I’d parse HTML or XML tags & text to populate the datastack, whether pushing, popping, or swapping its head whilst sorting attributes. Running a given callback each time to parse said datastack. This HTML/XML parser would be run multiple times with different callbacks.
Upon HTML closing tags I’d run 2 passes over the datastack in addition to the callback parser. The first checks whether we haven’t already implicitly closed this tag. The second closes all tags up to & including the given one. This strategy isn’t WHATWG-compliant, but its working pretty well in HTML-Conduit.
To allow restyling webpages to work in a vastly different medium than they’re all-too-often designed for it is useful to seperate HTML’s “semantics” from the page’s styles.

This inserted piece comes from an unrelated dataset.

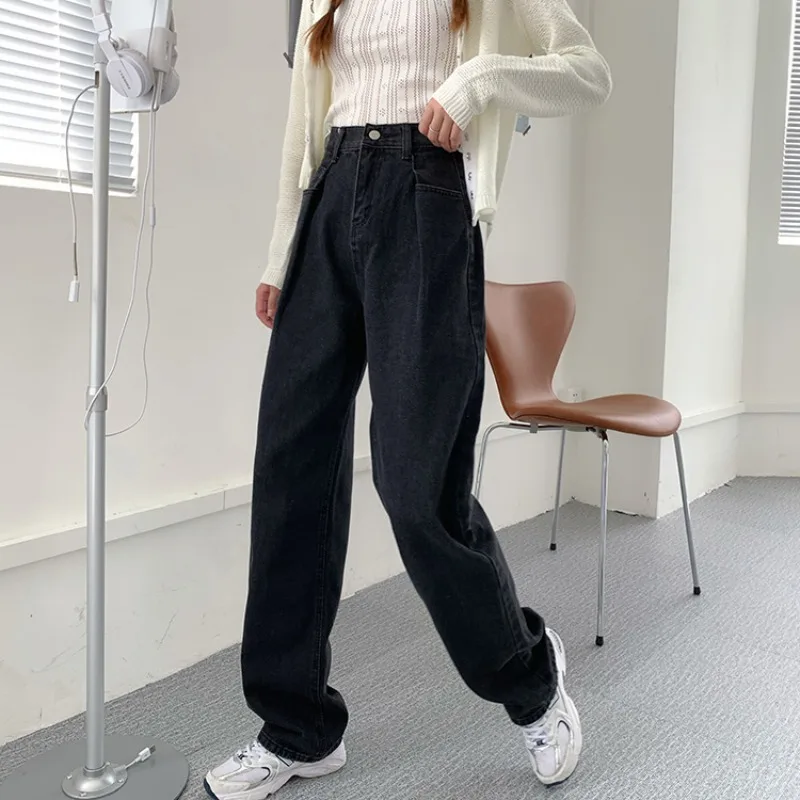 Top Trends: Vintage Wide Legs Straight Jeans Women Black High Waist Oversized Denim Pants 2023 Spring New Casual Long Trousers Korean Style Shoppable Styles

This is what CSS is for! On our hypothetical hardware I’d implement it by compiling CSS into a parser over the stack of opentags during HTML parsing. So in detail, how would this work?
The first pass would evaluate media queries in the Arithmetic Core & concatenated fetched imports, with recursion & parentheses balancing. Next I’d split style rules with multiple selectors & possibly do some desugaring. That allows a pass which counts up the selector specificity (using the Parsing Unit & Arithmetic Core) to sort stylerules (all subcomponents) by their now-single selector’s specificity! Cascade Layers may use a fastpath involving an ordered-trie to be concatenated for output. A follow-up pass would split off
!important properties for higher precidence.
A 5th pass would desugar some more now that we don’t need to worry about messing up selector-specificity, including handling shorthand properties. And stripping out invalid longhand properties to aid webdevs in targetting multiple browsers. Prior to codegen a 6th pass would sort selector tests into the order we expect to see their matches on the datastack. Then for each rule codegen can emit code that outputs the properties upon seeing a matching element!
Except… The Parsing Unit I described offloads some of it’s instruction-prefetch demands onto the code it runs, so a final 8th pass would need to enforce a rigid structure onto the code we output whilst maintaining the presorted output order. To do so I’d track how much memory is being used. When we overflow a Rule, Grammar, or even Language I’d bucket selectors by their prefix to ensure they fit. Where they don’t overflow we can leave this bucketting to the Parsing Unit instruction decoder.
From the processes I’ve been describing we’d get a mostly standard XML file, though it wouldn’t yet adhere to the relevent schema SSML. So I’d include a pass which deduplicates via the XML-parser’s attribute sorting (supporting
revert would complicate this) & syntactically transforms it into valid SSML. Besides that’d aid a pause-collapsing pass! On the less trivial side
speak: never would strip out elements whilst
content would replace children.
The pause-collapsing pass would manually-parse the XML to merge contiguous
There’s counters to be evaluated over the styletree! Parse counters, increment them by the given value, & serialize according to the referenced
counter-style at-rule. The Parser could lookup counters by name, but implementing a hashmap in the Arithmetic Core may be faster.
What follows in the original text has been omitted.